> _EXERCISE OBJECTIVE_: Everything from the line with "Bespoke Smart French" to the end of the data below, both lines included, should be transcribed exactly; please omit the pictures.

── RECORDS FOR PROCESSING ──

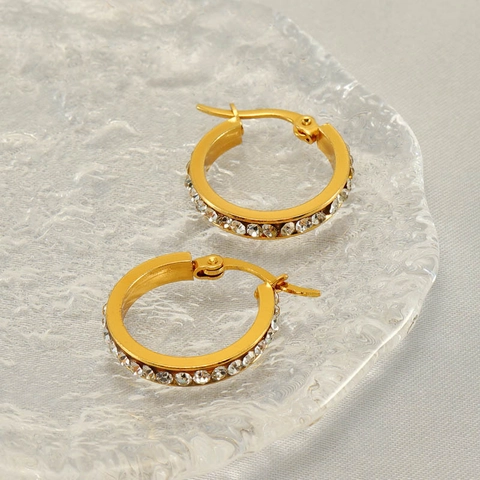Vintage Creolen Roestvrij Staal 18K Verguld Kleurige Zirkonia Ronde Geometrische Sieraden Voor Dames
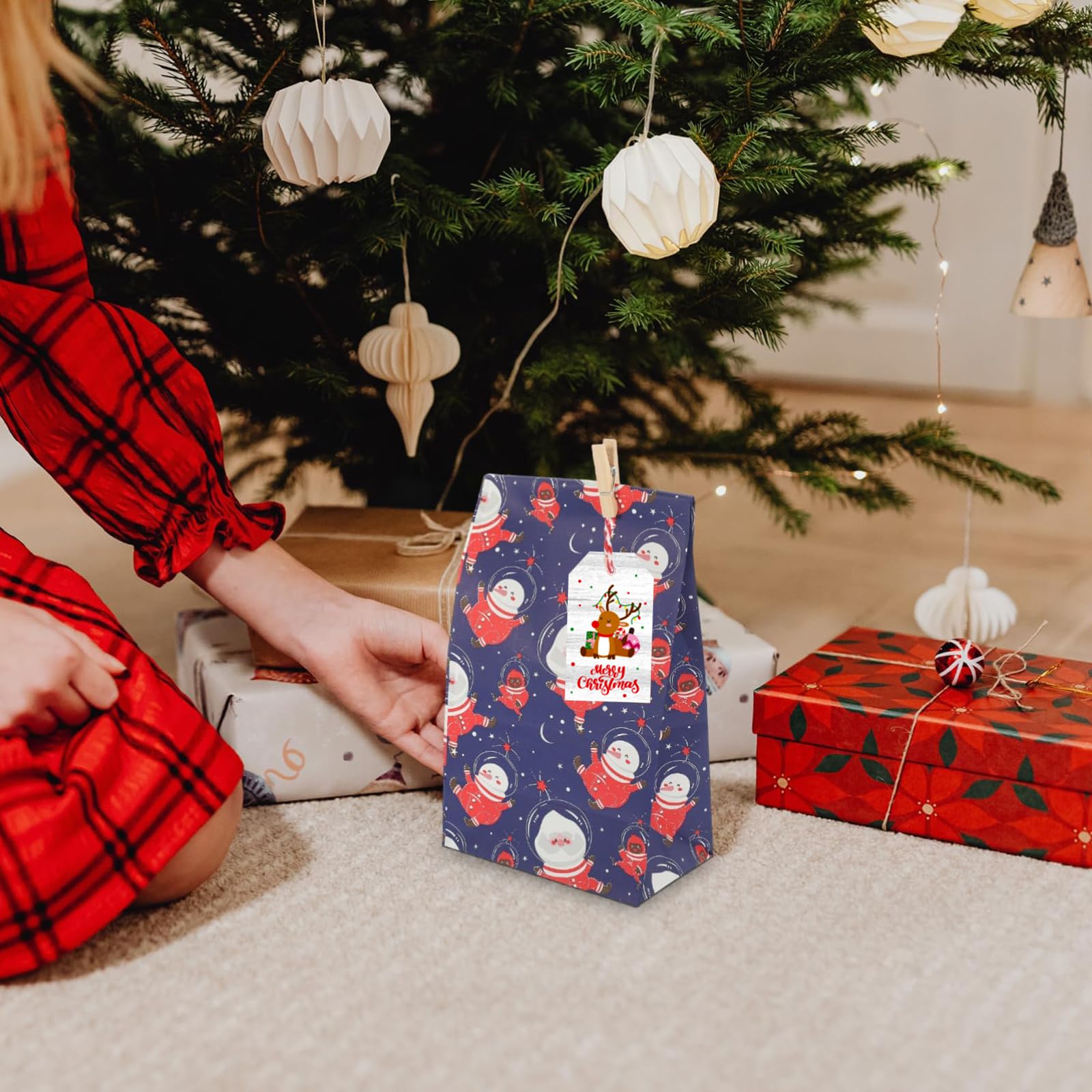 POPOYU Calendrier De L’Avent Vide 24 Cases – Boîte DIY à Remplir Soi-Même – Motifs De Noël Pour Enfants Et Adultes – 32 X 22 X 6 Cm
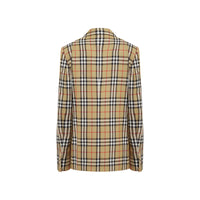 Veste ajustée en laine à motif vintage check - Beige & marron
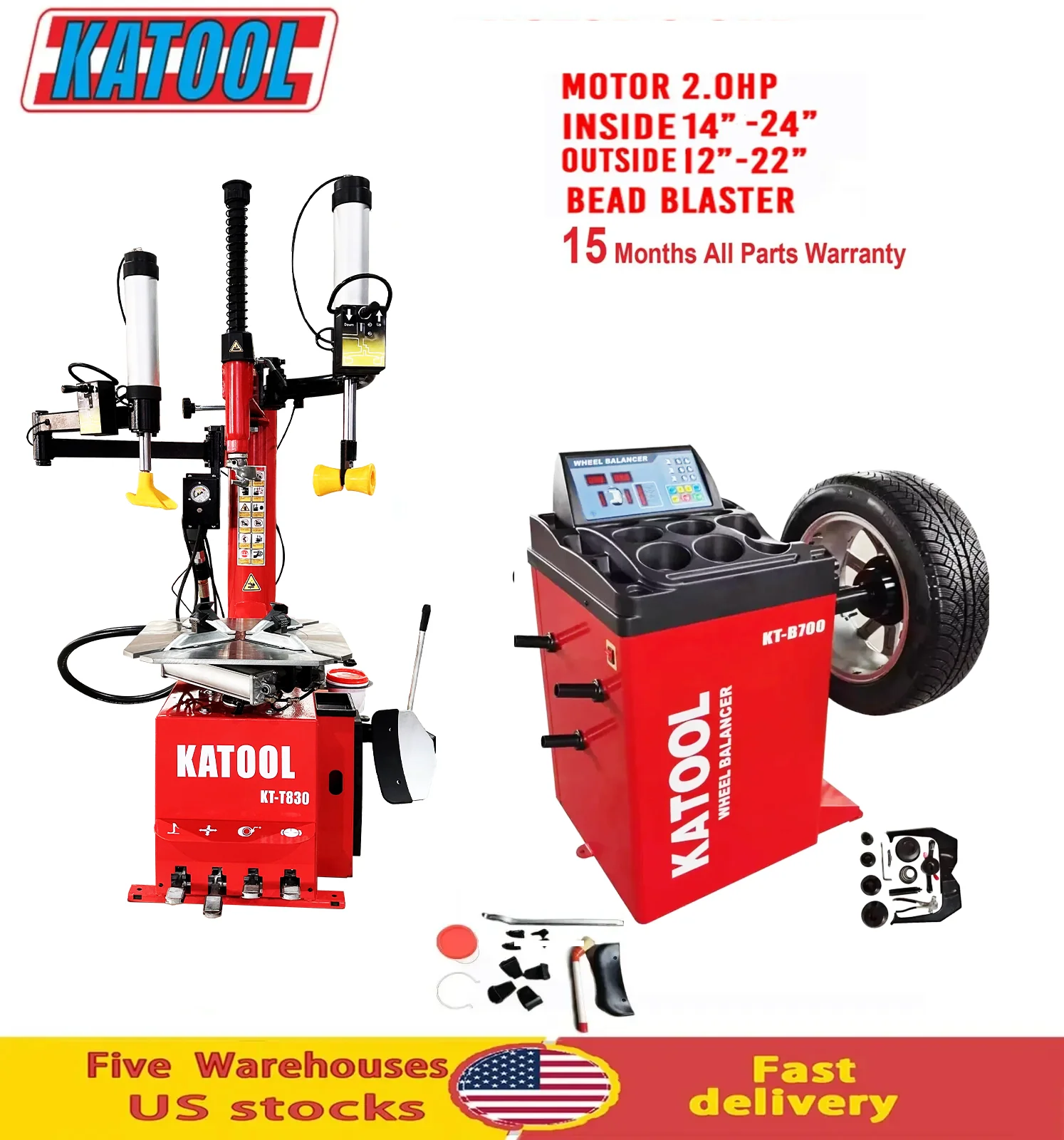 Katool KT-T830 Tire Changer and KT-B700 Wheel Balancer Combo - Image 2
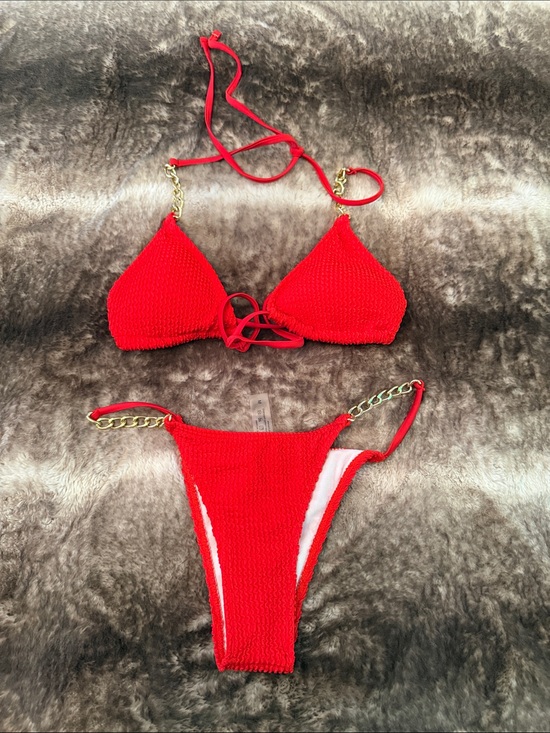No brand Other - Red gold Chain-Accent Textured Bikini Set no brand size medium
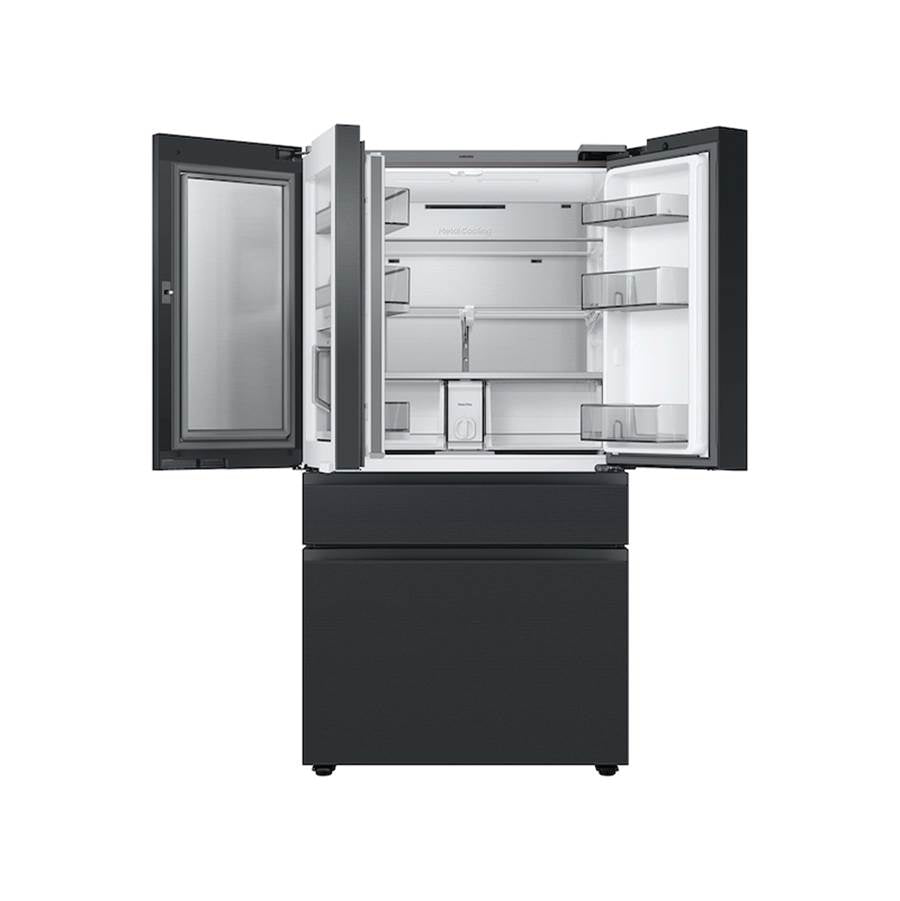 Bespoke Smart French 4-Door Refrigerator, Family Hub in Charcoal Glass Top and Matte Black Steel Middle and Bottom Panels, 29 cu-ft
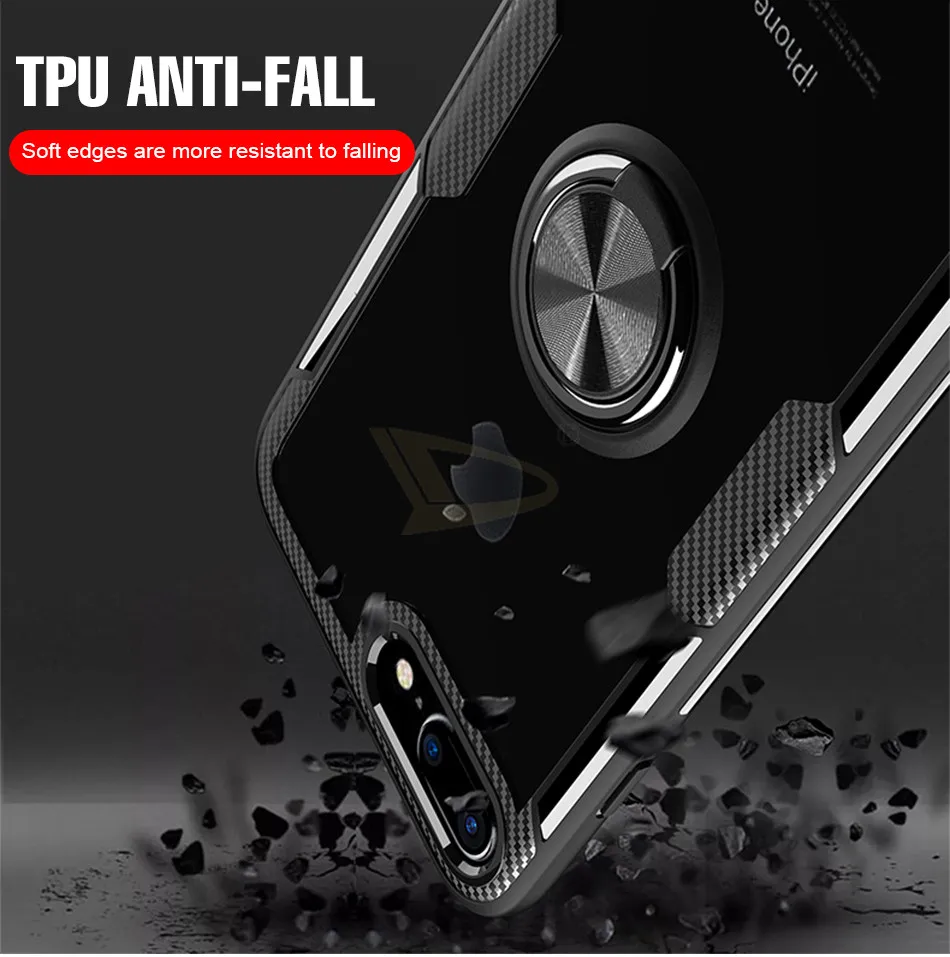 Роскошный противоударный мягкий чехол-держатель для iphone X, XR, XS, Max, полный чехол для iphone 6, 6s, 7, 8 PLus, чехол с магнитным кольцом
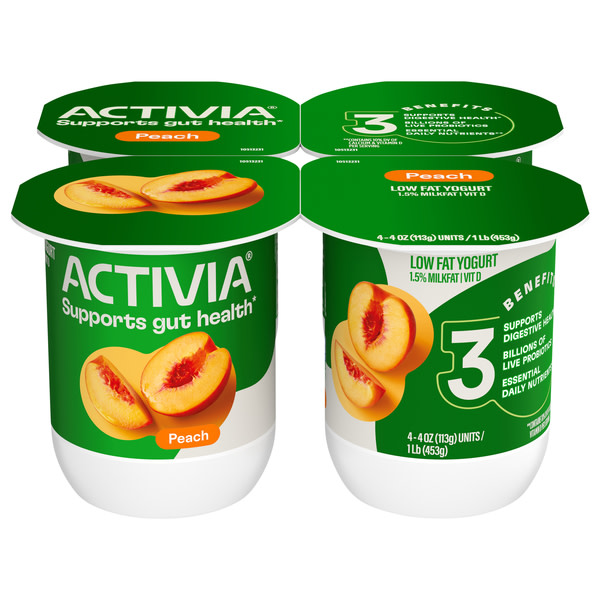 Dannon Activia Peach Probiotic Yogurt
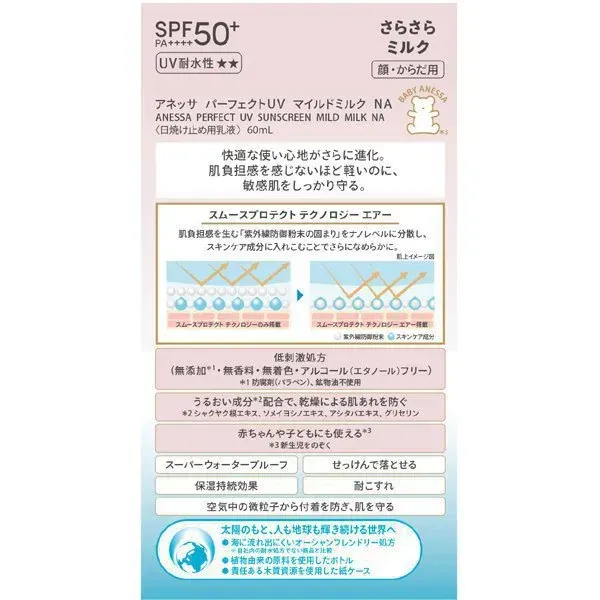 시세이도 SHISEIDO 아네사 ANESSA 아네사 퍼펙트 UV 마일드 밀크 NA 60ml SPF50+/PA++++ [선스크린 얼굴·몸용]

───

> _ANSWER TO THE PROBLEM_:
 Bespoke Smart French 4-Door Refrigerator, Family Hub in Charcoal Glass Top and Matte Black Steel Middle and Bottom Panels, 29 cu-ft
 Роскошный противоударный мягкий чехол-держатель для iphone X, XR, XS, Max, полный чехол для iphone 6, 6s, 7, 8 PLus, чехол с магнитным кольцом
 Dannon Activia Peach Probiotic Yogurt
 시세이도 SHISEIDO 아네사 ANESSA 아네사 퍼펙트 UV 마일드 밀크 NA 60ml SPF50+/PA++++ [선스크린 얼굴·몸용]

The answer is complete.